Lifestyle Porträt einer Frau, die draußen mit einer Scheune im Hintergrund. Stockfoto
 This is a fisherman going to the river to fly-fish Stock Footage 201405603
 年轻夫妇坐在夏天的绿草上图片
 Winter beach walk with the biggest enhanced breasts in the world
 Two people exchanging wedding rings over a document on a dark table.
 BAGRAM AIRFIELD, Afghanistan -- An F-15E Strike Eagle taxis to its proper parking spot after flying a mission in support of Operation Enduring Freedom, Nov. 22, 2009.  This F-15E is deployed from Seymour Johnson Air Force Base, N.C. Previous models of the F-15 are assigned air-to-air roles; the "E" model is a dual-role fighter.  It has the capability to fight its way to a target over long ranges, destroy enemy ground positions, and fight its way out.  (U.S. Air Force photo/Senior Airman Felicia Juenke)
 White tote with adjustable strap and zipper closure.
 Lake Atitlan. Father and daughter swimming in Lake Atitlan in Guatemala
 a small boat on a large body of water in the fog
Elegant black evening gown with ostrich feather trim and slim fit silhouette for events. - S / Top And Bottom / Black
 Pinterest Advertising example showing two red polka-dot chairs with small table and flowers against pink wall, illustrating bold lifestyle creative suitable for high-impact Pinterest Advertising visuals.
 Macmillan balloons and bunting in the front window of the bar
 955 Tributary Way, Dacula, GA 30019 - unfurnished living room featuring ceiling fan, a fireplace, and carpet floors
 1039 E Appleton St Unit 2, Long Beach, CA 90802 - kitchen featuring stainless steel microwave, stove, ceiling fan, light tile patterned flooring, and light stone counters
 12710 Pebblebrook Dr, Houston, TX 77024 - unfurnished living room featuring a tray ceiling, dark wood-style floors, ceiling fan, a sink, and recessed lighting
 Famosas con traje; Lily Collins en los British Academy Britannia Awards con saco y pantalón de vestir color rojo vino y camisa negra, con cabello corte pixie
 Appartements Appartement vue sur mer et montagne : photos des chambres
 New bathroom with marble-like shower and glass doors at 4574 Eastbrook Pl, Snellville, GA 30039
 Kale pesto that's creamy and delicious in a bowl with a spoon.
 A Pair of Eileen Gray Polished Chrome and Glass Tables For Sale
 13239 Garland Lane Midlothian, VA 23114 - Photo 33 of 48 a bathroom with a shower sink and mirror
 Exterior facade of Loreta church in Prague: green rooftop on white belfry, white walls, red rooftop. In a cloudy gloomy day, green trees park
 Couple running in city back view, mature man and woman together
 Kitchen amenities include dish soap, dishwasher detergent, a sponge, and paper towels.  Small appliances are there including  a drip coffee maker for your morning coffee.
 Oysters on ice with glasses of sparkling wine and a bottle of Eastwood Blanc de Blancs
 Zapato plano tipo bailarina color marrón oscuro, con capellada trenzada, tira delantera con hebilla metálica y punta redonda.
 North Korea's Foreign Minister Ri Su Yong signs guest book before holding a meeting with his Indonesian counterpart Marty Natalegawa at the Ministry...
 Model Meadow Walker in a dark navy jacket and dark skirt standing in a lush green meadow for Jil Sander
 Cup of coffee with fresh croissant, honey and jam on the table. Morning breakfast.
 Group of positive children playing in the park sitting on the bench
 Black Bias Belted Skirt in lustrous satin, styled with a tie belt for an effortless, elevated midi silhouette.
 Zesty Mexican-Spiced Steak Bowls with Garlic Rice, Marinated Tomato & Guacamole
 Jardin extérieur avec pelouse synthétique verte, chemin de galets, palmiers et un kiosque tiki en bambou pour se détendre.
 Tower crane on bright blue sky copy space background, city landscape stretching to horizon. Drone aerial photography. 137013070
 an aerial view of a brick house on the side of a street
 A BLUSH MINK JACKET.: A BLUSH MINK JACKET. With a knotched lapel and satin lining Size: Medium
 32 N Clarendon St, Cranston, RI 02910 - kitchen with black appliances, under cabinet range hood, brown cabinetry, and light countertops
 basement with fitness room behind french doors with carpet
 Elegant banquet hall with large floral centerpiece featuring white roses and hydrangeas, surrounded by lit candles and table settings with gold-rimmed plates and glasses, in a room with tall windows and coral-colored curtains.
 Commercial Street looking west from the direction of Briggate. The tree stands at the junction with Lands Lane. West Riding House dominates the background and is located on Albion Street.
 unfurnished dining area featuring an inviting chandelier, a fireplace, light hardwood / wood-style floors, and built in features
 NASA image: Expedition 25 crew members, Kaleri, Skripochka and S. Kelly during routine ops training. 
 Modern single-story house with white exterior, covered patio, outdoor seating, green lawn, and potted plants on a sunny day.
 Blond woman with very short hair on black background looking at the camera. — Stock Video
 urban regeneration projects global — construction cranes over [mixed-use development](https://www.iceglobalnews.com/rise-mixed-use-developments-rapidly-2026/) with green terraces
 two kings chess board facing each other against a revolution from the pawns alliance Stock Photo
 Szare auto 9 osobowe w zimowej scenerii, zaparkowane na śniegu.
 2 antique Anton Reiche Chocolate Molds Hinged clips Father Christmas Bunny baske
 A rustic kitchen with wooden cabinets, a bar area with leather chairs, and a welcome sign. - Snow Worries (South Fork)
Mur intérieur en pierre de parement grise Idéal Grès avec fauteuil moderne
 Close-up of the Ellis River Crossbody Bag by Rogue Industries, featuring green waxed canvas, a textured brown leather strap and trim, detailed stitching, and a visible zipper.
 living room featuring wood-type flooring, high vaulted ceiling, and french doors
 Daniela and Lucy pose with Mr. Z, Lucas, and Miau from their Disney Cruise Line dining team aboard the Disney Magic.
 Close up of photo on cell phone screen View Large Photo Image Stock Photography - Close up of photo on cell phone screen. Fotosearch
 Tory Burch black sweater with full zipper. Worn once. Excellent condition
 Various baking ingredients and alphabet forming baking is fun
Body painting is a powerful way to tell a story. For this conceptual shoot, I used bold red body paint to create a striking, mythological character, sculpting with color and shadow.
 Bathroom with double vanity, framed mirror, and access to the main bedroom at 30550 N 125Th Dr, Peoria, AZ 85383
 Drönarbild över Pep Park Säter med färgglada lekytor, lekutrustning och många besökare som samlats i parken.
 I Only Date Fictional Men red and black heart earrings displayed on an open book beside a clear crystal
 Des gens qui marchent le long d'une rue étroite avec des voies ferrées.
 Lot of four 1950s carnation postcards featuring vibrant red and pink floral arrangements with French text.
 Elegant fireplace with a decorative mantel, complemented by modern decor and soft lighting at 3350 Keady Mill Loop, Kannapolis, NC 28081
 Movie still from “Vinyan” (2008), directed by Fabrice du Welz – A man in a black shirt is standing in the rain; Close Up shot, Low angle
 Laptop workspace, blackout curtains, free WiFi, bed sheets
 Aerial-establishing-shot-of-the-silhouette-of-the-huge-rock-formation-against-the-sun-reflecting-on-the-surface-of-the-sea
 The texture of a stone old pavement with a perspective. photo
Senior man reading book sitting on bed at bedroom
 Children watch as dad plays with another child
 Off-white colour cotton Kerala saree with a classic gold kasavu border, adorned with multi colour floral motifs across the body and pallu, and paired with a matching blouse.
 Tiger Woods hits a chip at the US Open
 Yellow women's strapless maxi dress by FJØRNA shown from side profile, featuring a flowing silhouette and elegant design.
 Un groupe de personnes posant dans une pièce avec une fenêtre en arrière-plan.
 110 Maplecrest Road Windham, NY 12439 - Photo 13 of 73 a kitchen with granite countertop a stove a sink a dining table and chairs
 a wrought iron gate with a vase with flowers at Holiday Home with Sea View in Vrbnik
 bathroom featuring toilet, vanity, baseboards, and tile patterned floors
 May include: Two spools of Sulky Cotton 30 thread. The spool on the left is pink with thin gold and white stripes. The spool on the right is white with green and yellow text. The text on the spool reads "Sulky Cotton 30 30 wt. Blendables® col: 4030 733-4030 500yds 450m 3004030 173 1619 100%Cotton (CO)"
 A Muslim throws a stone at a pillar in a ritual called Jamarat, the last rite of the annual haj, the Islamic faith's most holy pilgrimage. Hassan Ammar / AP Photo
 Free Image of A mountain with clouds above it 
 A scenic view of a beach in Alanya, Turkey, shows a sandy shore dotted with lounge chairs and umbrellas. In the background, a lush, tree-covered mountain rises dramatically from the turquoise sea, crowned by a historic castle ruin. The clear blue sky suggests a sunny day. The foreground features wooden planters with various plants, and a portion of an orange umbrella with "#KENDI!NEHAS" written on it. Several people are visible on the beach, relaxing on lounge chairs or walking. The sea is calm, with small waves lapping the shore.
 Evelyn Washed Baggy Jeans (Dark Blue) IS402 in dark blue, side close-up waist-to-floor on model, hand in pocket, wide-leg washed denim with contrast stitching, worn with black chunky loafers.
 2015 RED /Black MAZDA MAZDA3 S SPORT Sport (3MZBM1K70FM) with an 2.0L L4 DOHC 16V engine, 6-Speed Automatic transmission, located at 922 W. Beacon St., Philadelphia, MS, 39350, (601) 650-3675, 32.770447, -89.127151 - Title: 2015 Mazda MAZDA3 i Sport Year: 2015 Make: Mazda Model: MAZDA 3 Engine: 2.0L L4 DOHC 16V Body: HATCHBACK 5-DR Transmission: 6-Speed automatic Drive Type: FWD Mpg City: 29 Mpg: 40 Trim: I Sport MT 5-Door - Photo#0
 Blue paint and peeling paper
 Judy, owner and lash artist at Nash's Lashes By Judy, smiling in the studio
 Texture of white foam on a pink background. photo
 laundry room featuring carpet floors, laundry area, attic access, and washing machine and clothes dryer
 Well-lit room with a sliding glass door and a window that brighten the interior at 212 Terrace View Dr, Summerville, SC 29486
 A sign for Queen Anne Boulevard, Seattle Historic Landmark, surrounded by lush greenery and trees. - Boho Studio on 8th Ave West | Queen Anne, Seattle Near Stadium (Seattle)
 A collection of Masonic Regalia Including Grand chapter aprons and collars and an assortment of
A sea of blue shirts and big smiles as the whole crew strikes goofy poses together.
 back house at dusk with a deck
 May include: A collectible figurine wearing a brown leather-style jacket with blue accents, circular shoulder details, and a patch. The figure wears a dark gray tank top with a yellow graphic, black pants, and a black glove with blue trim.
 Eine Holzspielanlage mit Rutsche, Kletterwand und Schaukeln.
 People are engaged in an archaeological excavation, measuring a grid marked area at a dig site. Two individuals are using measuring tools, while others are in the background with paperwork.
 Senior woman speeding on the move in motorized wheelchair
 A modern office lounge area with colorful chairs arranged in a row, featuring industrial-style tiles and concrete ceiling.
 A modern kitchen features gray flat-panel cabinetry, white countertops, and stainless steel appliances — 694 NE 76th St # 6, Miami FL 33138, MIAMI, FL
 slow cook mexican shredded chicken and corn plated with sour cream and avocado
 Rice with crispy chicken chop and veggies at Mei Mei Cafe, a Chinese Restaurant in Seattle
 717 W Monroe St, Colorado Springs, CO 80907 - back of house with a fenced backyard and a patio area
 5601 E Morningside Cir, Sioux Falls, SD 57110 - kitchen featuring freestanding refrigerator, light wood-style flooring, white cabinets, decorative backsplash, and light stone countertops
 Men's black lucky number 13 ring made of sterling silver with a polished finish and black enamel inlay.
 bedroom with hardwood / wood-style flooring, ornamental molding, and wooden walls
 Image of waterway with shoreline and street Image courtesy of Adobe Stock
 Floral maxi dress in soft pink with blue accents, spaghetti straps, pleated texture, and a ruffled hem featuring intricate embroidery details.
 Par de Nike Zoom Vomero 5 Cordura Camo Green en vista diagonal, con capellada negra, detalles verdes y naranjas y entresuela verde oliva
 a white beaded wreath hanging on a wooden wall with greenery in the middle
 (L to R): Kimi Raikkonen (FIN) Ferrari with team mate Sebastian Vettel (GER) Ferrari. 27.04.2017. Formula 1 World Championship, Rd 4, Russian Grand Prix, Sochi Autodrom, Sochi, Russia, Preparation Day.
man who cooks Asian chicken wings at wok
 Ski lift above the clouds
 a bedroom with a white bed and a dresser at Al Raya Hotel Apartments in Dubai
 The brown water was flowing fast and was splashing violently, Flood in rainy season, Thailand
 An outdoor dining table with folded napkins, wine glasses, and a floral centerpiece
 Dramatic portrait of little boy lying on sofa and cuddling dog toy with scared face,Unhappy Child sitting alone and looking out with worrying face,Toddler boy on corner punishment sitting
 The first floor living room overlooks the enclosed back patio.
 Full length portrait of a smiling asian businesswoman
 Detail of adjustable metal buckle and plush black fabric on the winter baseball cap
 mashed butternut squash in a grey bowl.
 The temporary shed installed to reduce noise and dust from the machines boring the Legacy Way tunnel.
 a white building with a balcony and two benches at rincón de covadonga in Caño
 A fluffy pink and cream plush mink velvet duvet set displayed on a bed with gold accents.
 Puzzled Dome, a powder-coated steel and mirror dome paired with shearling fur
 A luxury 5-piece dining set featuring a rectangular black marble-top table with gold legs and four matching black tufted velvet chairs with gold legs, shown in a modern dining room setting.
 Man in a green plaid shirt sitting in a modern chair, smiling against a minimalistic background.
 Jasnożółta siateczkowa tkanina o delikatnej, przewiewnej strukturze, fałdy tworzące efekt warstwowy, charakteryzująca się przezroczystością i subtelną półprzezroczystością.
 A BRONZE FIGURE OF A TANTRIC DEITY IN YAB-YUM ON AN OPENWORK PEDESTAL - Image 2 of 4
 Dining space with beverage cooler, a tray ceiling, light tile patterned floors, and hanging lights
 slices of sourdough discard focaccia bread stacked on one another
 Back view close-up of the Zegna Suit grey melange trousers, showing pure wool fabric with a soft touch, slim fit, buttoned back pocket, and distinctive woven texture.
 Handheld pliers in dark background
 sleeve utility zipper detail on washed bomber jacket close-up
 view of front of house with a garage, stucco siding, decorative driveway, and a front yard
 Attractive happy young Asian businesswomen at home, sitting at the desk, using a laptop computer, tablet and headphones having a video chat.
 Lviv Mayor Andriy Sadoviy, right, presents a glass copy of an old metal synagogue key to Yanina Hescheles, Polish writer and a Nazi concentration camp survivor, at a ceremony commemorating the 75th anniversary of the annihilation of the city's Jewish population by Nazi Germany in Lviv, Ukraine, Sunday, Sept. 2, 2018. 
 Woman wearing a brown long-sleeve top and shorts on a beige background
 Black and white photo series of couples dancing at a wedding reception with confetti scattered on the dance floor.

________________________________________

Exercise description: Print nothing but the lines from the one that contains "Woman wearing a" to the final line of the data, both included, exactly as they read.

Reply to the exercise:
 Woman wearing a brown long-sleeve top and shorts on a beige background
 Black and white photo series of couples dancing at a wedding reception with confetti scattered on the dance floor.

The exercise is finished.